INSTRUCTIONS FOR THE TASK.
Your copy of the data should match it exactly, leaving out only the pictures.

Segment Start: SUPPLIED INFORMATION

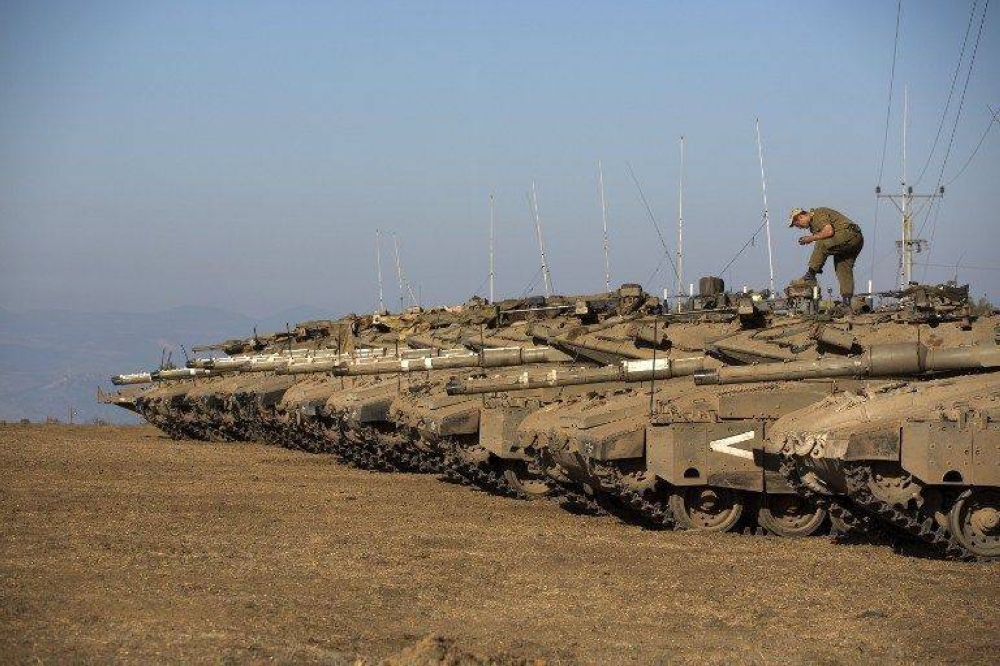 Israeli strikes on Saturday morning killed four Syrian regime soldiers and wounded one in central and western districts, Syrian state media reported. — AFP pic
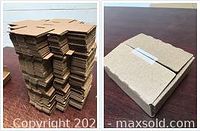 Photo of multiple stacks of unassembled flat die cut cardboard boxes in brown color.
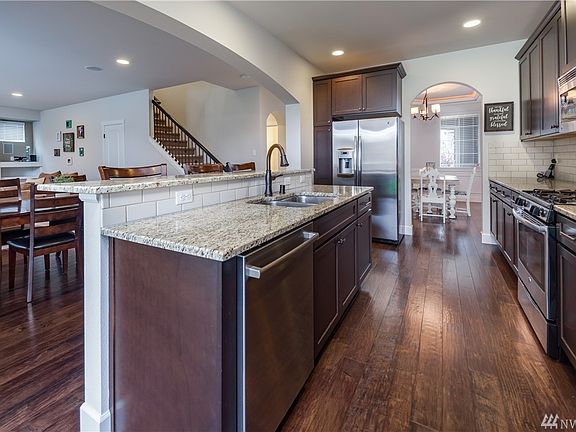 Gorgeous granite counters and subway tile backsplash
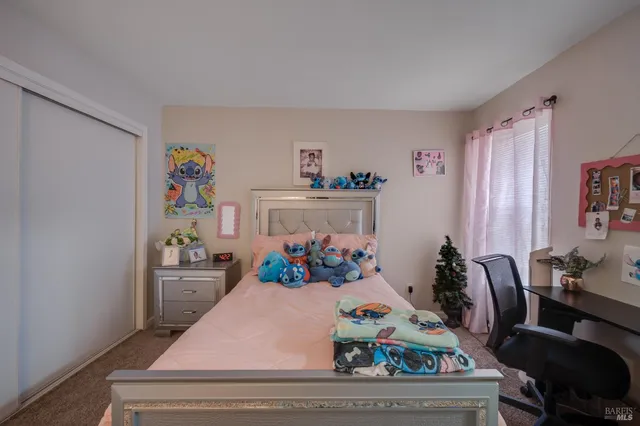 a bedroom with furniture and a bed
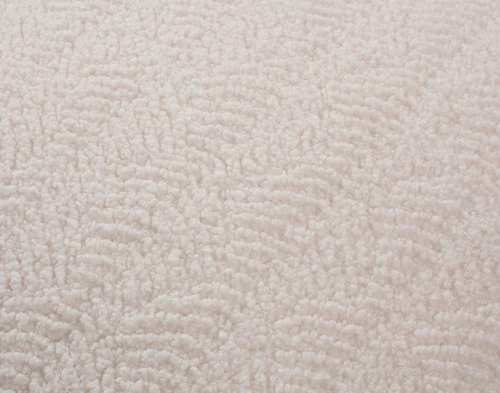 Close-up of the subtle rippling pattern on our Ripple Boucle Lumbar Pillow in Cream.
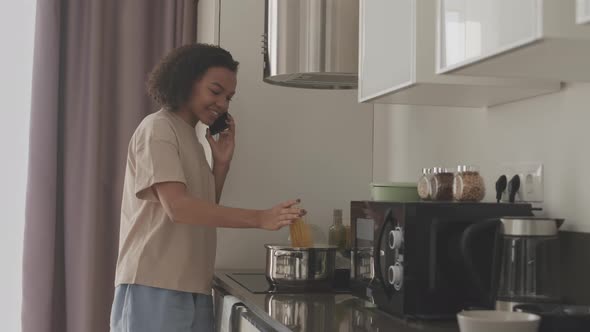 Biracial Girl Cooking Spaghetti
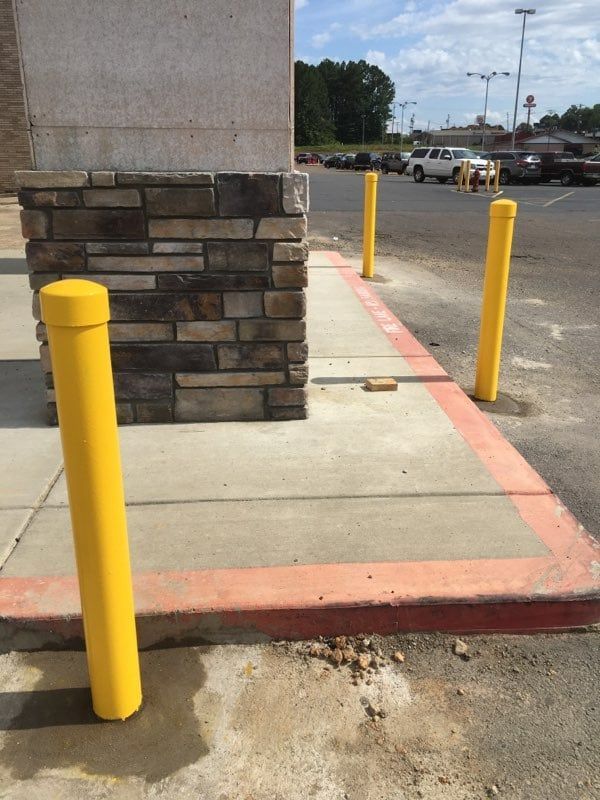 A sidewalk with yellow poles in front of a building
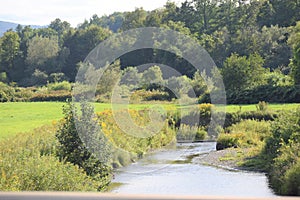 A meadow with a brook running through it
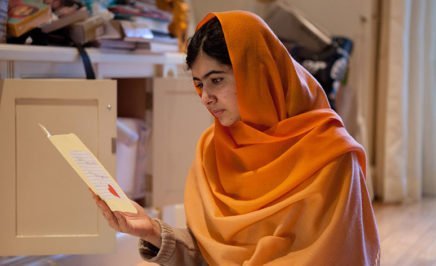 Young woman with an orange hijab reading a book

Segment End: SUPPLIED INFORMATION

ANSWER FOR THIS EXERCISE.
 Israeli strikes on Saturday morning killed four Syrian regime soldiers and wounded one in central and western districts, Syrian state media reported. — AFP pic
 Photo of multiple stacks of unassembled flat die cut cardboard boxes in brown color.
 Gorgeous granite counters and subway tile backsplash
 a bedroom with furniture and a bed
 Close-up of the subtle rippling pattern on our Ripple Boucle Lumbar Pillow in Cream.
 Biracial Girl Cooking Spaghetti
 A sidewalk with yellow poles in front of a building
 A meadow with a brook running through it
 Young woman with an orange hijab reading a book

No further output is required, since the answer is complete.